The black-and-white picture on the front: an insignificant Finnish town in late Thirties or early Forties. Ancient cars, some unassuming buildings and  - of all things - a Shell petrol station (probably the hottest thing in town at the time).
The card is stamped "field post", which means it was sent from the battlefront during World War II. But what fascinates me most is that it was written by my grandfather to his son, my father. My grandfather whom I barely remember. The only real memento I have of him is an old violin - he used to play at wedding parties and such, until he found religion, which apparently put a stop to all that. Nobody else in the family played the fiddle. My father inherited it after his death and hung it on the wall - maybe just looking at it gave him some comfort.

I have never seen this handwriting before. I stare at it, bewitched. The ornamental curls in the capital N of our last name. I have never felt such significance in that name before. The father of my father wrote it as his own, sitting on some rickety train on his way back to the nightmares of war after a brief furlough at home. Still young but already a veteran. Already knowing what it's like to cower in the trenches under such heavy fire that you're convinced it's your last day on earth.
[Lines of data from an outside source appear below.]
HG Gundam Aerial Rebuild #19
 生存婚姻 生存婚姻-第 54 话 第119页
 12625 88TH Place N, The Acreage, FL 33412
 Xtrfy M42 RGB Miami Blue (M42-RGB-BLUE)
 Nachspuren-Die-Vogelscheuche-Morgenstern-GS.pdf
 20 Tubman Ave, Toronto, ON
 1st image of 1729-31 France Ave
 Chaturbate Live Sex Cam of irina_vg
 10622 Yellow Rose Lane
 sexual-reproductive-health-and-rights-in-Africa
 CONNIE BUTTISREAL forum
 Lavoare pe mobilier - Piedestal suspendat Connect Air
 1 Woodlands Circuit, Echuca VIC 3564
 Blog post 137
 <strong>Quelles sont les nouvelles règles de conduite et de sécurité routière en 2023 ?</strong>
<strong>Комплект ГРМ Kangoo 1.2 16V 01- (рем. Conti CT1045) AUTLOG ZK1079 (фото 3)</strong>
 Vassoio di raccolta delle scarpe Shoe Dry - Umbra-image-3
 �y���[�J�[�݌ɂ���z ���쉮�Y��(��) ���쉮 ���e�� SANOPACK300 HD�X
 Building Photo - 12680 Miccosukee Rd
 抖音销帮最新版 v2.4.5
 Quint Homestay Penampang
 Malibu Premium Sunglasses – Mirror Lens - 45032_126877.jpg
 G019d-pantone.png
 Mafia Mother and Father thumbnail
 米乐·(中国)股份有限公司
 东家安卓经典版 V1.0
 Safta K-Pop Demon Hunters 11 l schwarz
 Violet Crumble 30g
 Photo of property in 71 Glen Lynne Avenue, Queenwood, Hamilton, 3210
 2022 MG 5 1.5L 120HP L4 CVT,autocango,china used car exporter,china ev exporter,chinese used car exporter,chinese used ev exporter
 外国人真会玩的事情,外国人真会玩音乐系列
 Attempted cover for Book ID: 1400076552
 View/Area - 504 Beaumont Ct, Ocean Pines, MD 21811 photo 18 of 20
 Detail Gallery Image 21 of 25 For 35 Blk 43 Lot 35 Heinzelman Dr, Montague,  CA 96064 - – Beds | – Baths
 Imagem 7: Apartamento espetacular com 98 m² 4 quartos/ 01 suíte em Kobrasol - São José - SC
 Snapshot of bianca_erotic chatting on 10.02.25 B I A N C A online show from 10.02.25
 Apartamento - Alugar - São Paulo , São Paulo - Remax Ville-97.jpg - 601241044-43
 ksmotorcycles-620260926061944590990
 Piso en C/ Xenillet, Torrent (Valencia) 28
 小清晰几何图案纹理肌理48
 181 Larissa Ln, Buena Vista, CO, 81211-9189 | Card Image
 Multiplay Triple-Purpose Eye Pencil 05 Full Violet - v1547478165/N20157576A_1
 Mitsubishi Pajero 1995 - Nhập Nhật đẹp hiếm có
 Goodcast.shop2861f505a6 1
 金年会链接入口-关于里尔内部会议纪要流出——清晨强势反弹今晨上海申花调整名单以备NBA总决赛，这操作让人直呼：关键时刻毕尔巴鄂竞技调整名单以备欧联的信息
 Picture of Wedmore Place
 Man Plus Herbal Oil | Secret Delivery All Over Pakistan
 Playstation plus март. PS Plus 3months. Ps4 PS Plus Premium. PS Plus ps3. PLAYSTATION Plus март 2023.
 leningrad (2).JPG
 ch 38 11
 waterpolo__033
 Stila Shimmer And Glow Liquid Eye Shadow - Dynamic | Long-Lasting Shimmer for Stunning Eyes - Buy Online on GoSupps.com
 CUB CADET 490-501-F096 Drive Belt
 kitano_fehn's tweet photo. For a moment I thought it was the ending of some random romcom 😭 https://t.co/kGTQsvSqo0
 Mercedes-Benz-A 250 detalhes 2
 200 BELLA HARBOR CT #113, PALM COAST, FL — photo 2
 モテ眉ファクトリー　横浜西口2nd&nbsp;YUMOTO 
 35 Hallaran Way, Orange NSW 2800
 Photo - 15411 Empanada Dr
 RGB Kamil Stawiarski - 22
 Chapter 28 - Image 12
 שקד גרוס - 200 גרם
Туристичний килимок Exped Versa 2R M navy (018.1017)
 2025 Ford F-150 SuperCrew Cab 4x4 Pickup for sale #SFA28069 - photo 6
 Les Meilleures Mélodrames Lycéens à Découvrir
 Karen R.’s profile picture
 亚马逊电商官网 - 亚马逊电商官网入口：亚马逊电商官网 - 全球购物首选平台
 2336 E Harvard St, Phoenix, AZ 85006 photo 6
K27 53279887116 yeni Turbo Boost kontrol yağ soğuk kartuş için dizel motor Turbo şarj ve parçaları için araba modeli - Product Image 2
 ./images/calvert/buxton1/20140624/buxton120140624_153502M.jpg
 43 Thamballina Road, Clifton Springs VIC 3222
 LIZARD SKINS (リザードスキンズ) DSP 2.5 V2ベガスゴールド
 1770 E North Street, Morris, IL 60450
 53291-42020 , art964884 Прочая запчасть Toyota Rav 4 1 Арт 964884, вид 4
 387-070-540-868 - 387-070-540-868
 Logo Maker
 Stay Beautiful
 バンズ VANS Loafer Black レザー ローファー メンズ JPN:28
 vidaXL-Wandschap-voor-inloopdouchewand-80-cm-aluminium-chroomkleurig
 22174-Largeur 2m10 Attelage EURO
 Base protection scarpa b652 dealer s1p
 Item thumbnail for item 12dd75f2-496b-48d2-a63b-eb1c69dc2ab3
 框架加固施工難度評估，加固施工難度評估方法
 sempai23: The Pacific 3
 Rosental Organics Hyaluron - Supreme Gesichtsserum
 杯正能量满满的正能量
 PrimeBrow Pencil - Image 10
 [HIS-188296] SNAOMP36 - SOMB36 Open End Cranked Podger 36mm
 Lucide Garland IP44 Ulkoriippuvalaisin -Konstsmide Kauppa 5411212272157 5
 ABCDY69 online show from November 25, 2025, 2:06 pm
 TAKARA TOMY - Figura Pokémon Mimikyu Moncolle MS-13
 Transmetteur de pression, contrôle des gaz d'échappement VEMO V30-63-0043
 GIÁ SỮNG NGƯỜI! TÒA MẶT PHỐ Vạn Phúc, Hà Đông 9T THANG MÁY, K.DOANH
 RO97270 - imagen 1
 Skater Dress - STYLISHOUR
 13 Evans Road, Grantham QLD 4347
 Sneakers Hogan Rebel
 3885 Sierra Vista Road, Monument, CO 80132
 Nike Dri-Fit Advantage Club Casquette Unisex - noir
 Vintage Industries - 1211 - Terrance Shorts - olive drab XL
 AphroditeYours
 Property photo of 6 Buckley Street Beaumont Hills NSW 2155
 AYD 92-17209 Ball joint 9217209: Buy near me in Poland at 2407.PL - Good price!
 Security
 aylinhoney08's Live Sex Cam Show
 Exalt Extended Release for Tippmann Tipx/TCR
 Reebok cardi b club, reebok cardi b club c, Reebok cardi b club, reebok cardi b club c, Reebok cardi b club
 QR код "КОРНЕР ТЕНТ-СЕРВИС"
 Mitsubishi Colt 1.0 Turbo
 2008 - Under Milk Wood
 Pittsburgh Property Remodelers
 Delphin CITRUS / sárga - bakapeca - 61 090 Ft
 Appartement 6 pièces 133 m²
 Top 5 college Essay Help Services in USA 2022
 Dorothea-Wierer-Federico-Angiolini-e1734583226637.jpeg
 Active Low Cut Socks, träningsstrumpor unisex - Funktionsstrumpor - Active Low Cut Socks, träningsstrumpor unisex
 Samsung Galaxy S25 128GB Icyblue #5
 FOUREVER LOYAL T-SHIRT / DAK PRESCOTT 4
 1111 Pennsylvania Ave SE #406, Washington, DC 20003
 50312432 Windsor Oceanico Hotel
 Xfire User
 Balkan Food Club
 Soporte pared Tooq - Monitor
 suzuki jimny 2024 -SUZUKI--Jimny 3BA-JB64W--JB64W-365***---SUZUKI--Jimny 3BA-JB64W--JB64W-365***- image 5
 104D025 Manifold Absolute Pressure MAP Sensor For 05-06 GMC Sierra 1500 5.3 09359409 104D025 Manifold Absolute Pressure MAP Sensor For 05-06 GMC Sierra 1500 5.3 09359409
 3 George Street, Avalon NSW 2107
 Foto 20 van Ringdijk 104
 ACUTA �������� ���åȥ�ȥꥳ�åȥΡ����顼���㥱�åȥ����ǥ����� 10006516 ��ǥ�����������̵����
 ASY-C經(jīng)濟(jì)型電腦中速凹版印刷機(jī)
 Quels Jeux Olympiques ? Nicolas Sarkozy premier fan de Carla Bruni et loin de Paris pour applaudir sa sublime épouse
So when the train pauses in a tiny town, he gets off to buy a postcard to send home. The things he writes to his young son are generic and easy-going. "On my way there" to wherever he is going. "Hoping to be home soon." I can almost feel the pain behind this, leaving his wife and several children to fend for themselves on the farm, not knowing if he will actually make it back.

And the phrase "gud skydde oss alla". God protect us all.

I cried over this postcard. I'm going to start writing my last name with that curl in the N.

Friday, March 27, 2015

cyan and Indra's daughter

If you stare too long at a screen, the screen stares back at you.

Didn't Nietzsche say that? Why do I always seem to quote Nietzsche anyway (or is it the same quote over and over?), he wasn't that great from what I very imperfectly recall?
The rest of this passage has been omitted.